Ada begitu banyak yang harus diingat selain kosa kata. Belum lagi, sebuah bunyi bisa memiliki beberapa pilihan huruf. Bukan hanya itu saja, ada banyak pengecualian lagi yang harus diingat dalam bahasa Thai.
Beberapa tahun pertama, walau sudah belajar banyak, saya masih saja merasa tidak percaya diri untuk menggunakannya. Kali pertama saya akhirnya menggunakannya adalah ketika saya harus berkomunikasi dengan salah seorang ibu lain di sekolah anak saya yang tidak bisa bahasa Inggris sama sekali.
Saya bisa bahasa Thai karena terpaksa. Karena adanya kebutuhan untuk berkomunikasi. Kalau tidak begitu, mungkin sampai saat ini saya masih akan tetap tidak bisa bahasa Thai.
Sekarangpun saya belum merasa fasih dalam bahasa Thai. Tapi untuk percakapan, saya sudah bisa berkomunikasi untuk berbagai hal yang dibutuhkan sehari-hari. Intinya kan bisa berkomunikasi dan saling memahami.
Belajar bahasa lebih sulit dari Matematika
Belajar berbagai bahasa membuat saya menyimpulkan kalau belajar bahasa itu lebih sulit daripada belajar matematika. Berikut ini alasannya:
Dalam notasi matematika tanda plus tidak akan pernah berubah makna menyatakan penjumlahan. Operasi matematika juga tidak pakai pengecualian, penjumlahan ya penjumlahan, pengurangan ya pengurangan.
Belajar bahasa itu sulit karena:
- satu kata bisa berbagai makna
- satu makna bisa berbagai kata
- satu simbol bisa berbagai bunyi
- ada banyak aturan pengecualian (terutama dalam bahasa Thai)
- sudah susah payah belajar, kalau tidak dipakai bisa terlupakan.
- bahasa itu juga dinamis dan sering mengalami pergeseran makna.
Bahasa untuk komunikasi, yang penting saling mengerti
Buat sebagian orang, belajar bahasa mungkin lebih mudah daripada belajar hal lain. Di sekolah saja tidak pernah terdengar ada siswa yang merasa pelajaran bahasa itu momok yang menakutkan.
Menurut saya, bahasa itu terasa mudah karena kita menggunakannya dalam komunikasi sehari-hari. Banyak yang menyepelekan bahasa yang dia gunakan sejak lahir sebagai bahasa yang mudah. Hal ini tentu saja karena dia merasa setiap kali berbicara toh yang diajak bicara mengerti dan sebaliknya.
Tapi sebenarnya, kalau penggunaan bahasa dengan kaidah yang seharusnya, belum tentu semudah itu loh.

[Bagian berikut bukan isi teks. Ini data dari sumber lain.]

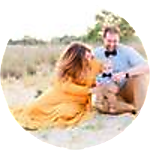 reviewer profile image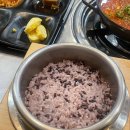 세모메디칼 이미지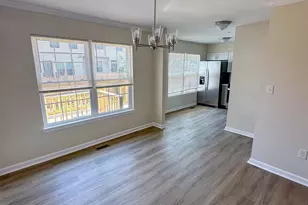 605 Collett St, Baltimore, MD 21217 - Photo 10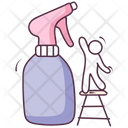 پیش‌نمایش فایل spray-bottle-1965678 از پک طبیعت و فضای باز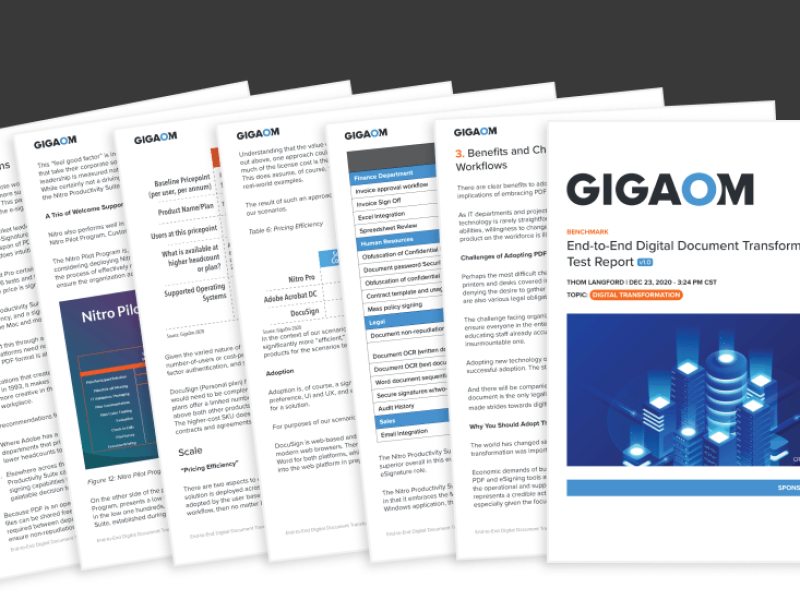 FieldTestReport-Header-V2 (1).png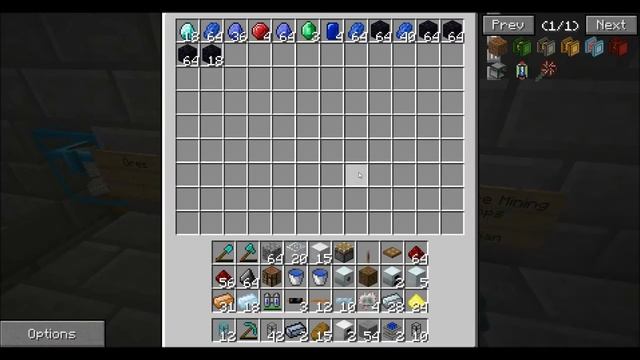 Feed The Beast Ep.4 - Fully Automated Wheat Farm Tutorial! смотреть онлайн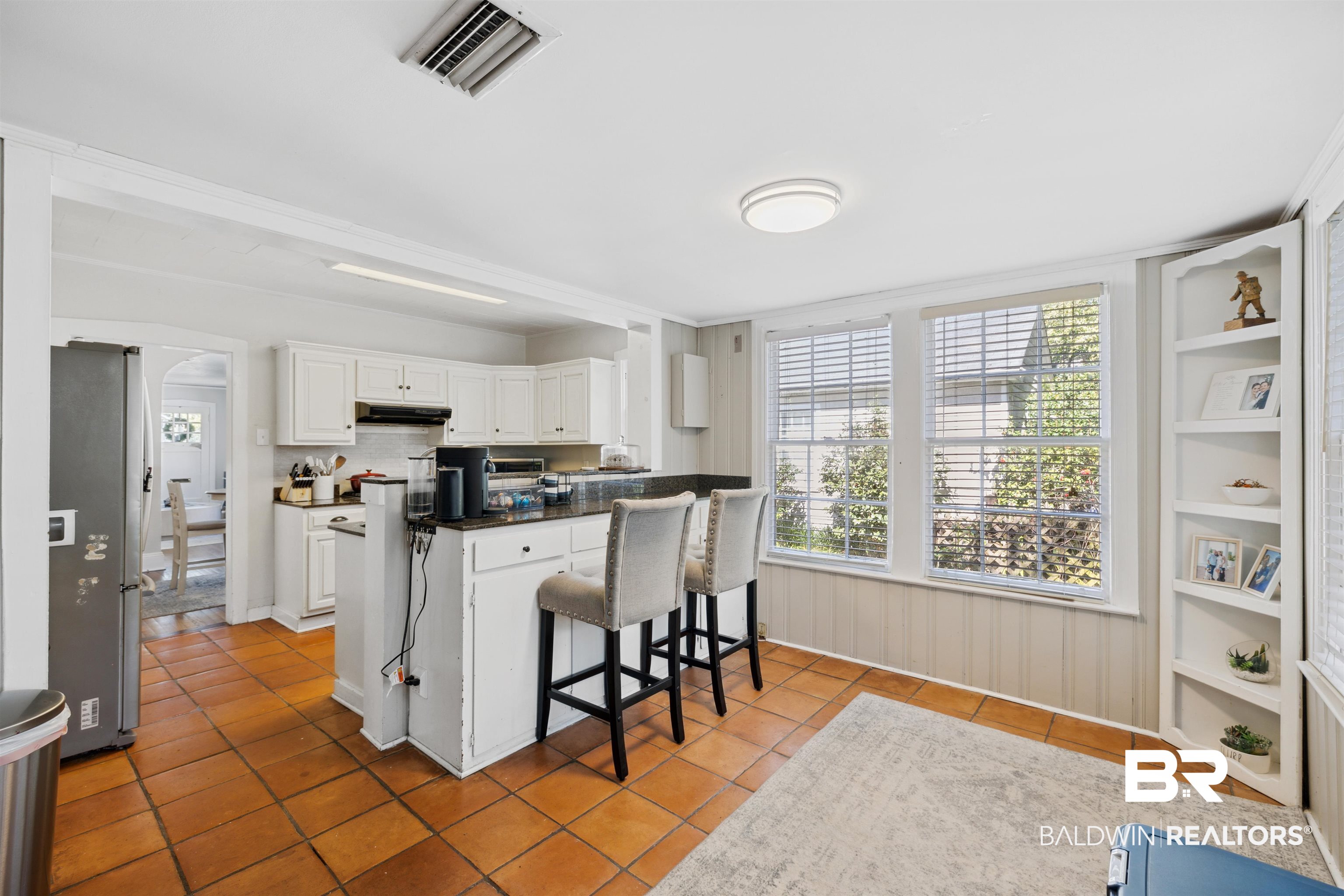 115 Williams Court Mobile, AL 36606 - Photo 13 of 28
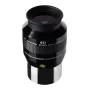 Ocular EXPLORE SCIENTIFIC 52° LER 40mm Ar
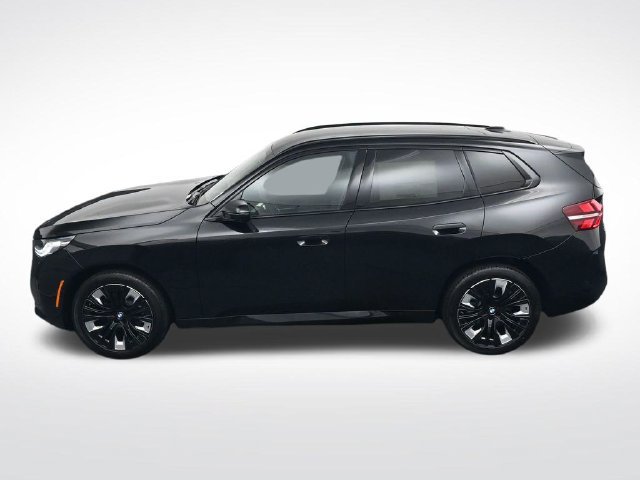 New 2026 BMW X3 xDrive30i w/ Premium Package AWD/4WD image 29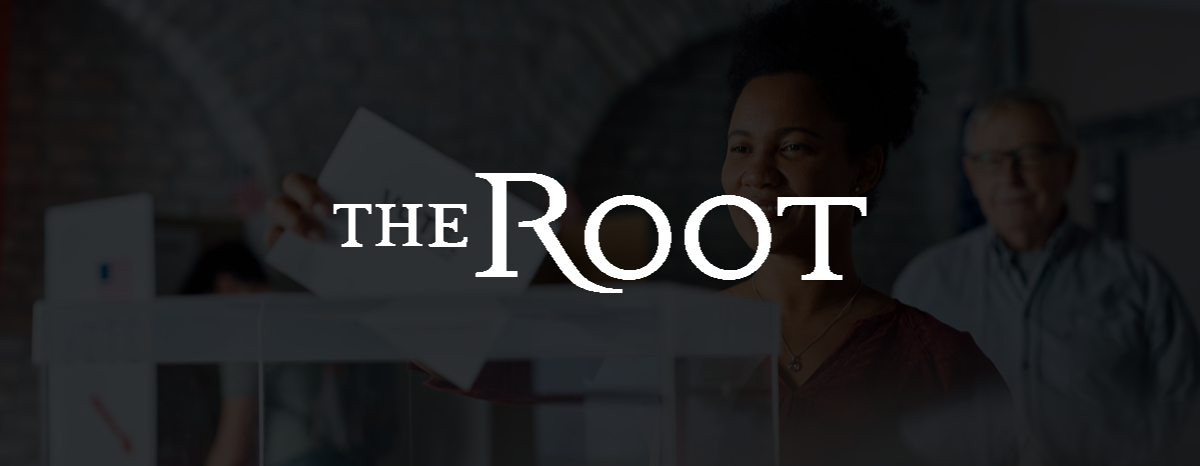 theroot2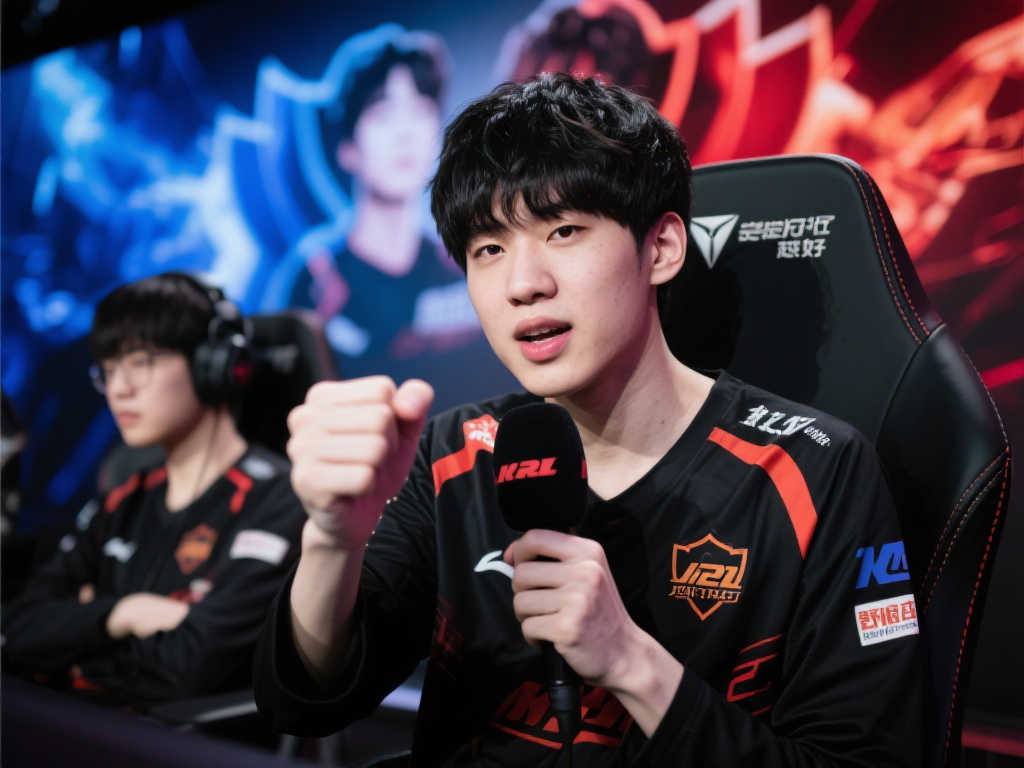 中未能及时 中未能及时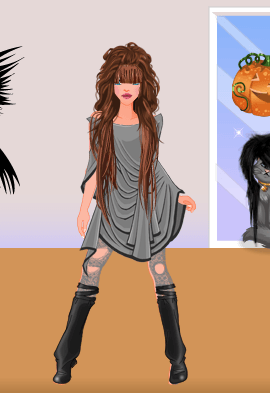 http://tr.ohmydollz.com/img/cachedefile/tr/90321.png
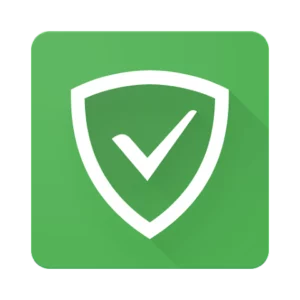 AdGuard AdGuard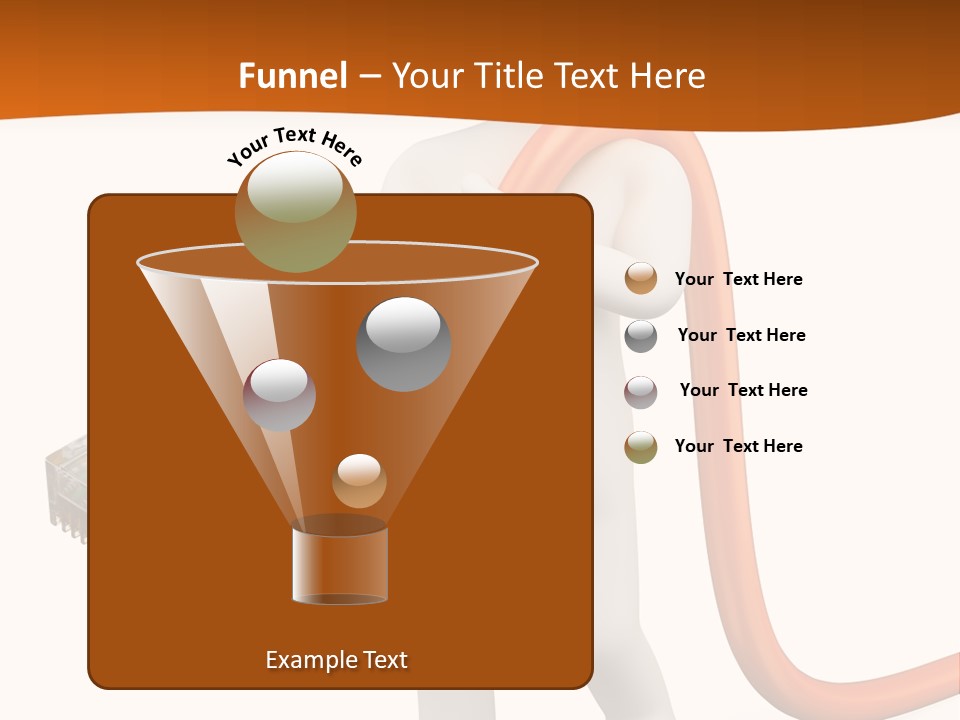 Background People Rj PowerPoint Template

Ketika saya bertemu dengan orang asing yang belajar linguistik di sini dan bertanya bagaimana phonetik dari pengucapan kata tertentu, saya jadi tertegun lama dan tidak bisa menjawab.
Saya ingat ketika di Bandung, orang Batak sering jadi bahan bercanda tentang Ledeng dan Cicaheum dan Ciumbeluit. Jangankan nama-nama dalam bahasa Sunda, bahasa Indonesia untuk mental yang yang artinya terpelanting dan mental yang artinya batin dan sifat manusia saja bisa salah diucapkan oleh orang batak.
Pada akhirnya, yang penting dalam komunikasi itu adalah tersampaikannya pertukaran pesan dari 2 pihak yang berkomunikasi. Seperti halnya tulisan saya ini, walaupun mungkin saja ada beberapa kesalahan dalam kaidah penulisan, asalkan yang membaca mengerti, mungkin sampai level tertentu bahasa yang saya gunakan sudah cukup.
Mempelajari bahasa itu tidak ada berhentinya, harus terus menerus digunakan atau akan hilang begitu saja. Kalau ditanyakan kenapa saya tidak belajar bahasa daerah? Ya, waktu dulu tidak ada kebutuhan dan tidak ada yang mewajibkan. Kalau sekarang belajar bahasa daerah, misalnya tidak ada lawan bicaranya ya tentu tidak akan maju juga.
Kita tunggu cerita dari para mamah gajah ngeblog lain tentang pengalaman mereka dengan bahasa ya. Bisa jadi buat mereka, belajar bahasa tidak lebih sulit dari belajar matematika seperti saya, hehehe.